2017年10月21日土曜日

CHOKE


 『ファイトクラブ』の原作の作者でもあるチャック・パラニュークの小説を映画した2008年作品。原題の”CHOKE”は窒息の意。医学部を中退したセックス依存症の青年の物語である。

 性的逸脱は愛着に関する心的外傷を予感させる。アメリカの疼痛医療学会(American Academy of Pain Medicine)、疼痛協会(American Pain Society) 、依存症医学会(American Society of Addiction Medicine)の3学会は「痛み」と「アディクション(依存症)」は別の診断カテゴリーではなく互いに重なり合う疾患概念である、という共同声明を2001年に発表しているそうだが、この主人公も多くの依存症者の例に漏れず、母親との関係に決定的なトラウマ(心的外傷)がある。痛みを鎮撫(numb)するための刹那的な快楽の追求。多くの芸術家や境界性パーソナリティ障害患者が抱いている普遍的な病理である。
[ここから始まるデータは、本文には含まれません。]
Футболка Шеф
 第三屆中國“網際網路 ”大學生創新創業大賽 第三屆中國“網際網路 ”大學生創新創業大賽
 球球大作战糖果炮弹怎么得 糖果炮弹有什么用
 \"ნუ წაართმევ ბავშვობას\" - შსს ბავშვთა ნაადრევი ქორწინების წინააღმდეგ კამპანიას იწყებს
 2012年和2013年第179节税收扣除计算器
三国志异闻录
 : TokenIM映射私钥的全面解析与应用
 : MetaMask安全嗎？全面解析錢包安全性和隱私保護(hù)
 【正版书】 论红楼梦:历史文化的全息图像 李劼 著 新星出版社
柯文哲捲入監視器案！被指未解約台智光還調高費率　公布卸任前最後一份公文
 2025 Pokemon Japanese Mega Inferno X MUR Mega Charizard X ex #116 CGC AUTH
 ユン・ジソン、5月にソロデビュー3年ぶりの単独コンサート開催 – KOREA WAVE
 映画としての表現力や構成力はイマイチ。脚本で原作にある諸要素を統合できていない。映像として象徴的なシーンはいくつもあるが、ストーリーとして有機的に絡み合っておらずチグハグ。ただ、チャック・パラニュークの世界観にはレディオヘッドが親和性が高くていい感じだ(エンドロールの”Reckoner”がgood)。慢性的な心的外傷に苦しむ青年の物語を表現する創作として、世界観同士が共鳴しているんだろう。

 邦題については日本の配給会社が完全にやらかしてハズした感。
 筆者もDVDを買ってはみたが置き場所に困っているクチである。